While Armstrong wouldn’t divulge any details on the trade front, a high level of interest doesn’t mean that a deal will get done. Aside from the suddenly flooded market, there is also the reality that most teams are bumping up against the cap and most teams likely want the Coyotes to take back salary to make a deal work.
Team president Xavier Gutierrez has made it clear that the Coyotes are going to run lean during these rebuild years for the franchise — on the ice and off of it. If the Coyotes take on a big salary in a trade such as Chicago did with Nikita Zaitsev, it could handicap what other deals they are able to make at the deadline because there is only so much cash to spend. If they take on a contract with term, it could handcuff them behind this season and stunt the rebuild because they wouldn’t be able to acquire as many assets as they want to stock the cupboard with prospects.
If teams need the Coyotes to take on that sort of salary, it may require bringing in a third team as a broker to make it happen.
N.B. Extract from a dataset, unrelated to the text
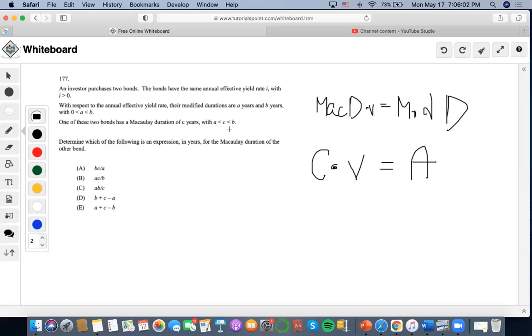So we could set this up as C over one plus i equals A.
That further complicates the deal and multiple sources around the league have said that there aren’t as many of those “brokerage houses” available as in past years.
Armstrong doesn’t believe he is asking too much for Chychrun and if you look at recent deals, you understand why. When the Ducks traded Hampus Lindholm to the Bruins, they got Urho Vaakanainen, John Moore, a 2022 first-round pick, and second-round picks in 2023 and 2024. When the Blackhawks traded Brandon Hagel and a fourth-round pick to the Lightning, they got forwards Boris Katchouk, Taylor Raddysh and top-10 protected first-round picks in 2023 and 2024.
Remember, Armstrong does not need to trade Chychrun. He could wait until the draft in Nashville this summer when more teams might enter the fray. He could wait until the 2023-24 season, or he could keep Chychrun for the length of his contract. His short history as GM has been one of patience and firmness. He is candid about his asking price but he doesn’t back down from it.
“I’m really comfortable with the situation and him coming back if we end up on the other side of it,” Armstrong said. “We don’t have a gun to our head. It’s business as usual the next day, whether he’s here or not.”
Armstrong also dismissed any notion that it would be hard for Chychrun to return to the team if a deal does not take place, given all that has transpired.
“It is what it is,” he said. “That’s part of the process with what happened. We had a conversation and he asked for a trade so here we are.”
Tourigny strengthened that sentiment.
“He’s a good guy. He works hard. He’s a good pro,” the coach said. “You saw it in the practice [Tuesday]; he was fine. The guys like him so it’s not like there’s any tough situation or ambiguity or whatever.”